Tenobia was still young, though years past the age she should have wed—marriage was a duty for any member of a ruling House, the more so for a ruler; alliances had to be made, an heir provided—yet Ethenielle had never considered the girl for any of her own sons. Tenobia’s requirements for a husband were on a level with everything else about her. He must be able to face and slay a dozen Myrddraal at once. While playing the harp
and
composing poetry. He must be able to confound scholars while riding a horse down a sheer cliff. Or perhaps up it. Of course he would have to defer to her—she was a queen, after all—except that sometimes Tenobia would expect him to ignore whatever she said and toss her over his shoulder. The girl wanted
exactly
that! And the Light help him if he chose to toss when she wanted deference, or to defer when she wanted the other. She never said any of this right out, but any woman with wits who had heard her talk about men could piece it together in short order. Tenobia would die a maiden. Which meant her uncle Davram would succeed, if she left him alive after this, or else Davram’s heir.

A word caught Ethenielle’s ear and jerked her upright in her saddle. She should have been paying attention; too much was at stake. “Aes Sedai?” she said sharply. “What about Aes Sedai?” Save for Paitar’s, their White Tower advisors had all left at news of the troubles in the Tower, her own Nianh and Easar’s Aisling vanishing without a trace. If Aes Sedai had gained a hint of their plans. . . . Well, Aes Sedai always had plans of their own. Always. She would dislike discovering that she was putting her hands into two hornet’s nests, not just one.

Paitar shrugged, looking a trifle embarrassed.
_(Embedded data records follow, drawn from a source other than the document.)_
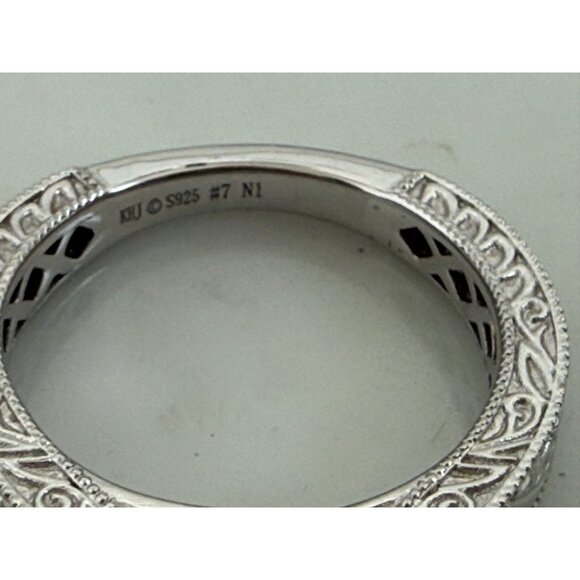 Kelly Herd Jewelry Sterling Silver Ring Scrolling Sides Clear Tourmaline Stone S - Picture 4 of 9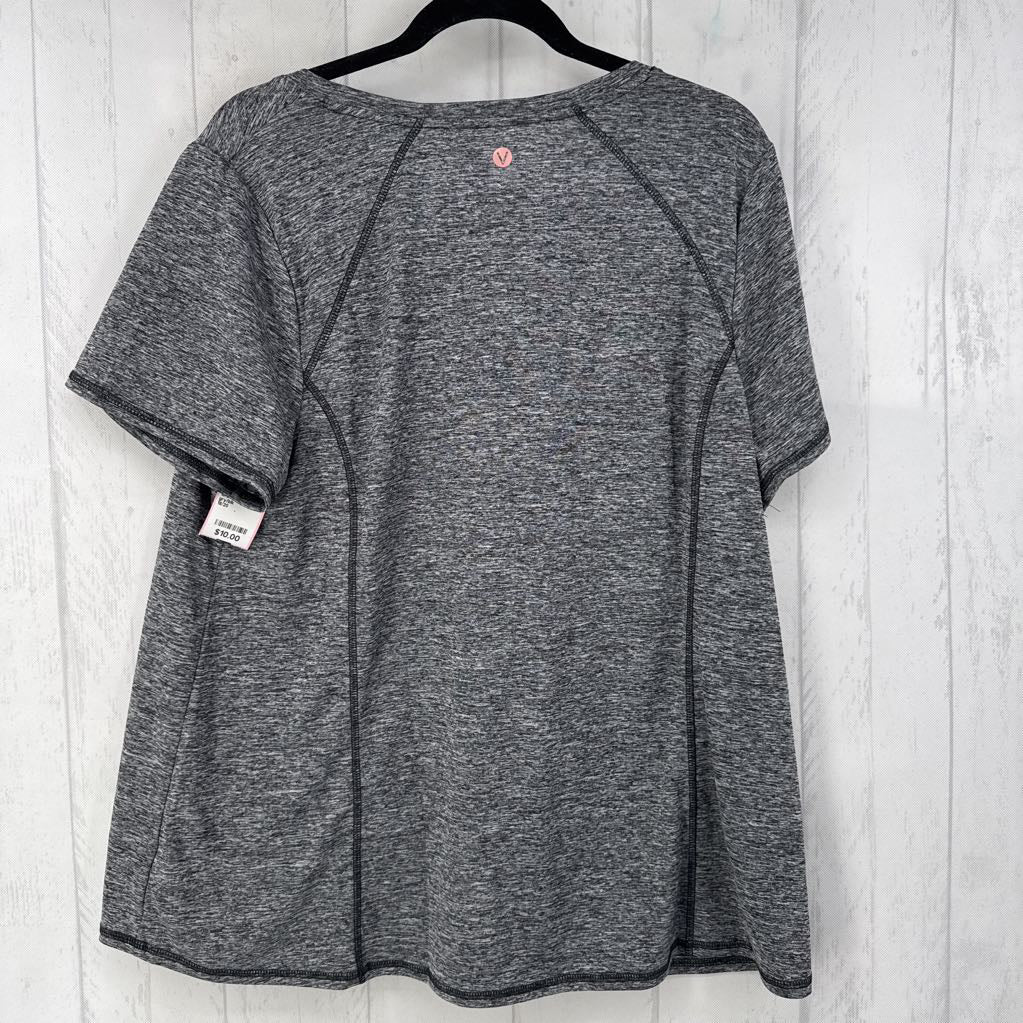 18/20 marled v-neck s/s top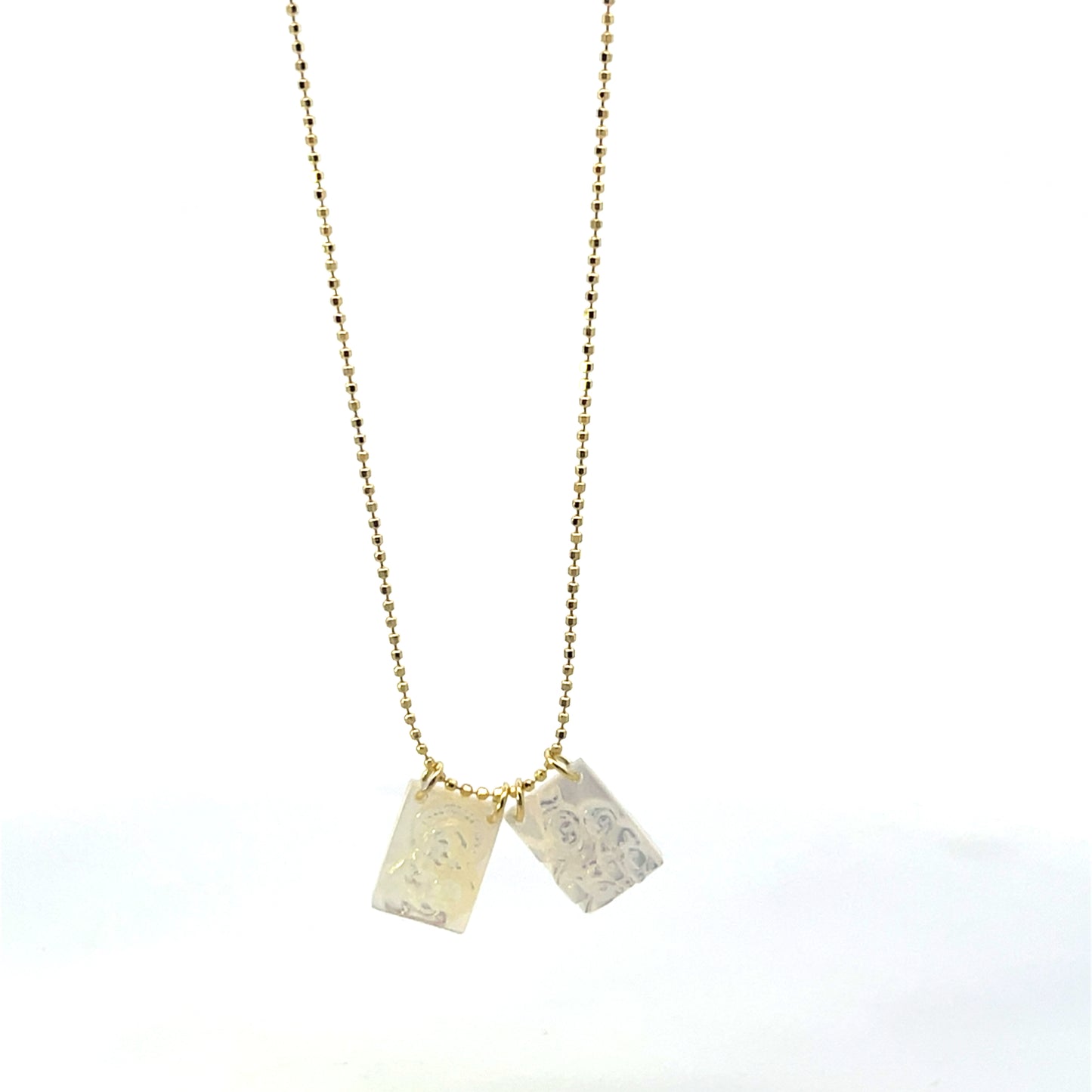 SMALL NACAR SCAPULARY NECKLACE BEADED THIN CHAIN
That was no small trick for him; he, like Serailla, let nothing upset him. “You hardly expected me to leave Coladara behind, Ethenielle,” he said in soothing tones, “even if I could have kept the preparations from her.” She had not; his favorite sister was Aes Sedai, and Kiruna had given him a deep fondness for the Tower. Ethenielle had not expected it, but she had hoped. “Coladara had visitors,” he continued. “Seven of them. Bringing them along seemed prudent, under the circumstances. Fortunately, they require little convincing. None, in truth.”